=== Dataset content ===

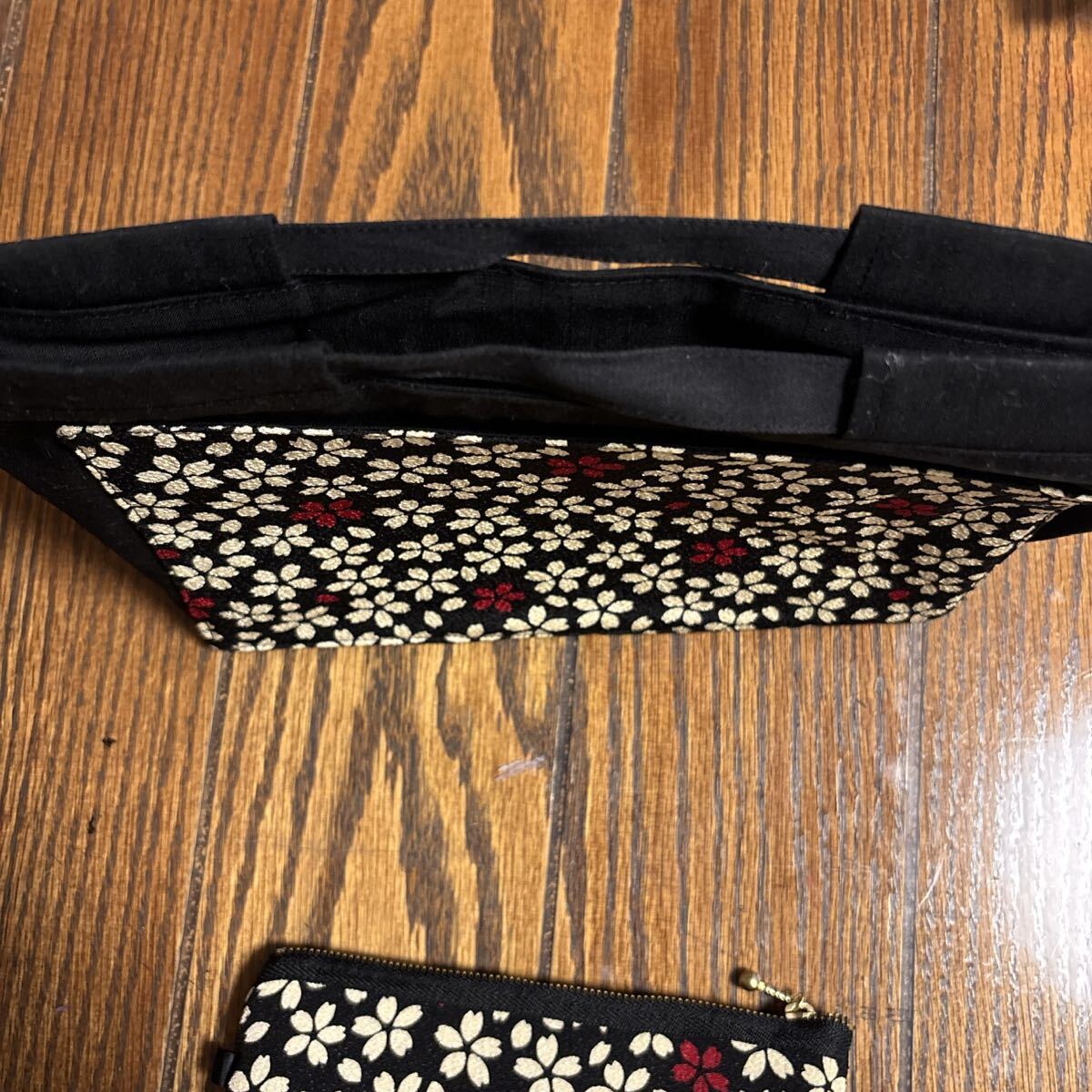 花柄刺繍ポーチセット　ハンドメイド_画像3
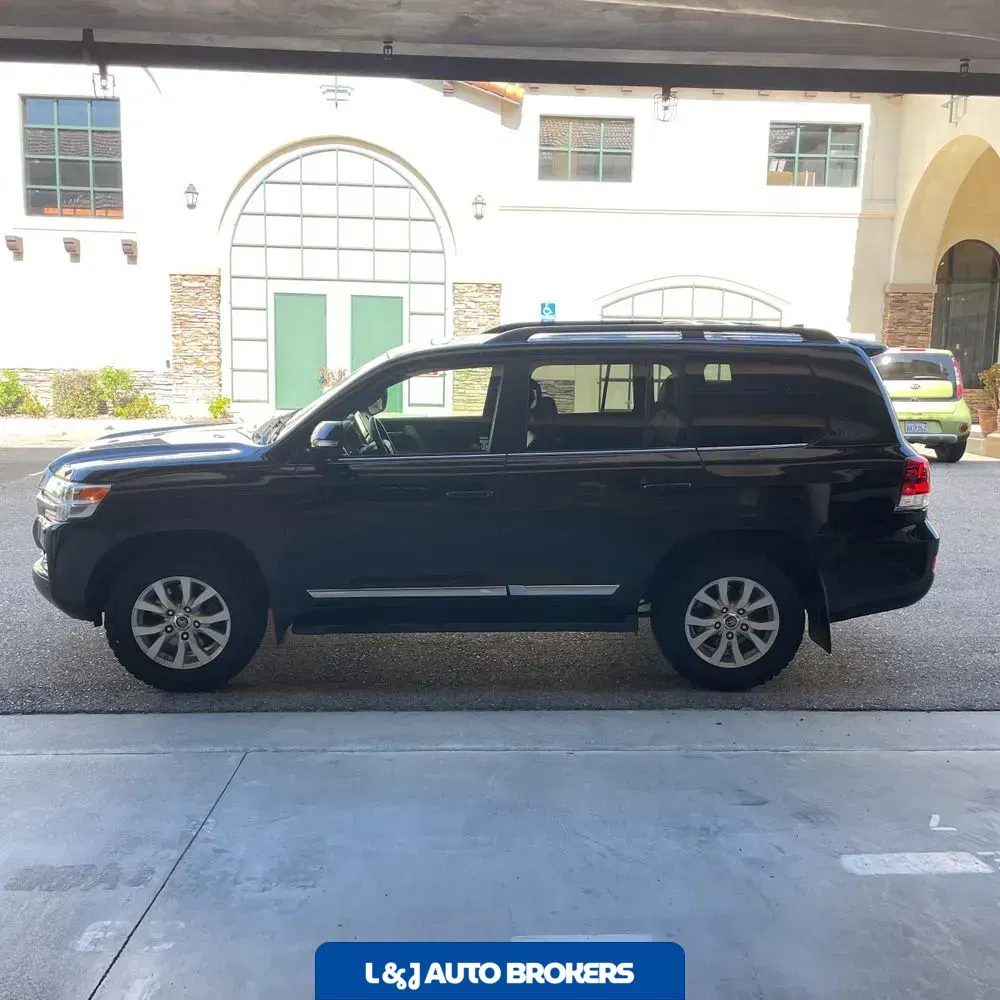 2019 Toyota Land Cruiser Base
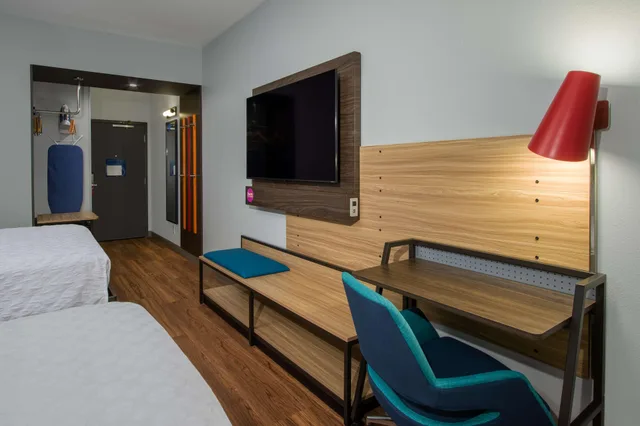 غرفة بسرير كوين لذوي الإعاقة، Tru By Hilton Columbus Airport 2/3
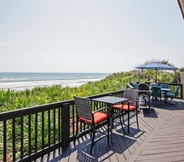 Others 5 Oceanfront Oasis w/ Deck, Water Views & Beach Gear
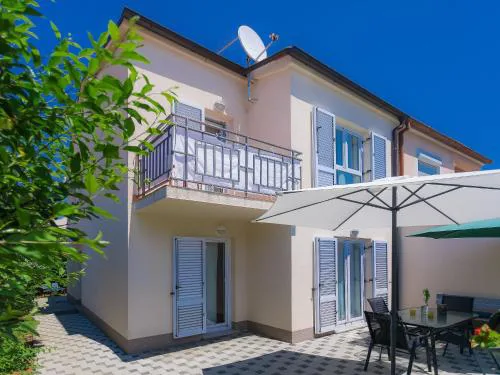 Holiday Home Gojak by Interhome
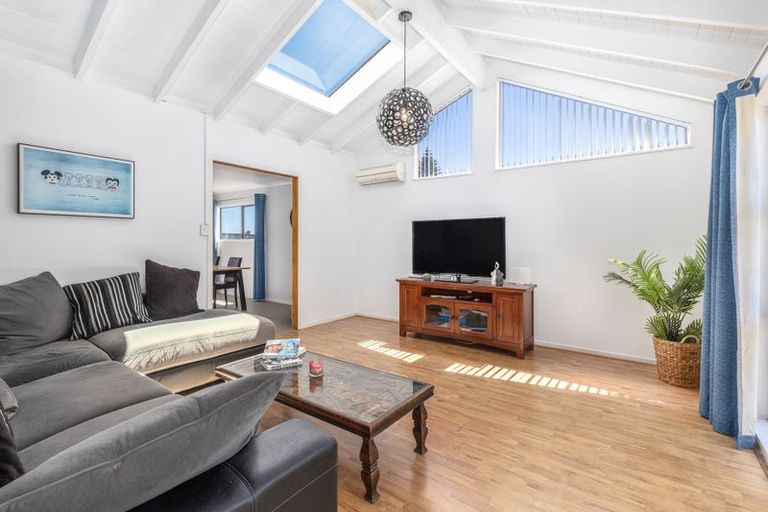 Photo of property in 3 Walton Road, Paraparaumu Beach, Paraparaumu, 5032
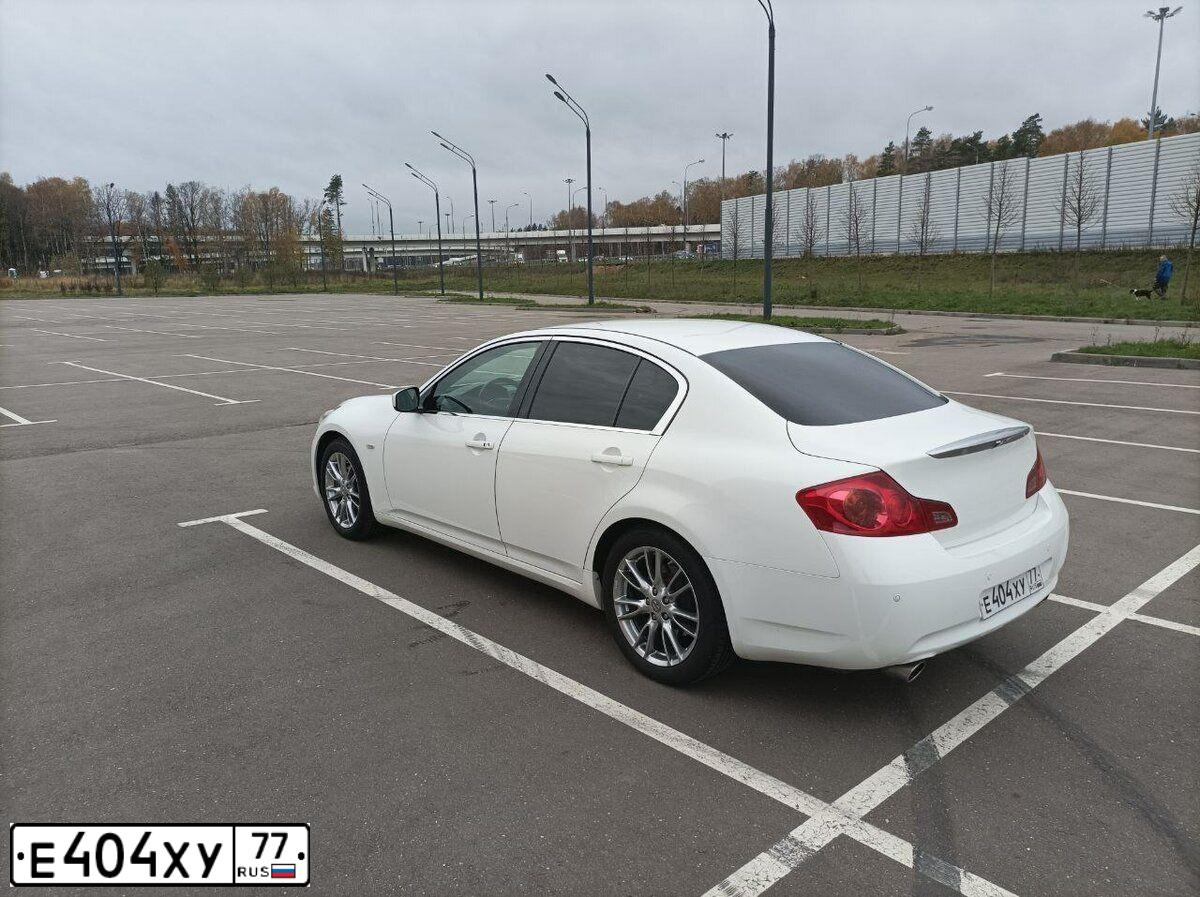 Фото автомобиля INFINITI G25, 2012 — госномер М706ХХ33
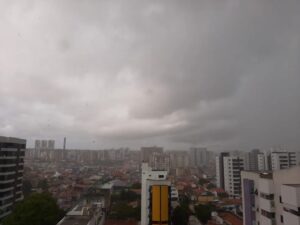 Pesquisa da Ufal liga queda no calor a picos de internação em Maceió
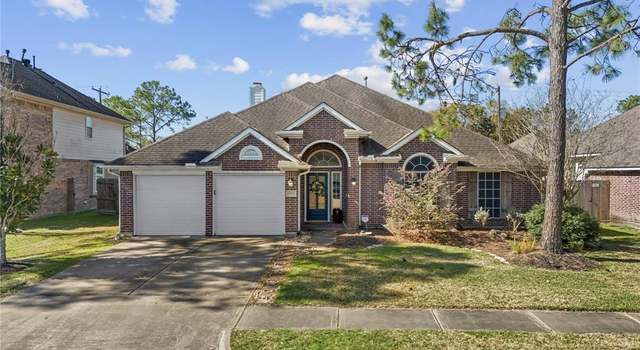 Photo of 1206 Lake Shore Dr, Pearland, TX 77581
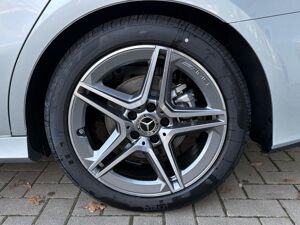 Mercedes-Benz A 200 Limousine AMG Distronic Multibeam Panorama bild 7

===

_Required work:_
Repeat each entry above word for word, leaving every picture out.

_Answer to this problem:_
 花柄刺繍ポーチセット　ハンドメイド_画像3
 2019 Toyota Land Cruiser Base
 غرفة بسرير كوين لذوي الإعاقة، Tru By Hilton Columbus Airport 2/3
 Others 5 Oceanfront Oasis w/ Deck, Water Views & Beach Gear
 Holiday Home Gojak by Interhome
 Photo of property in 3 Walton Road, Paraparaumu Beach, Paraparaumu, 5032
 Фото автомобиля INFINITI G25, 2012 — госномер М706ХХ33
 Pesquisa da Ufal liga queda no calor a picos de internação em Maceió
 Photo of 1206 Lake Shore Dr, Pearland, TX 77581
 Mercedes-Benz A 200 Limousine AMG Distronic Multibeam Panorama bild 7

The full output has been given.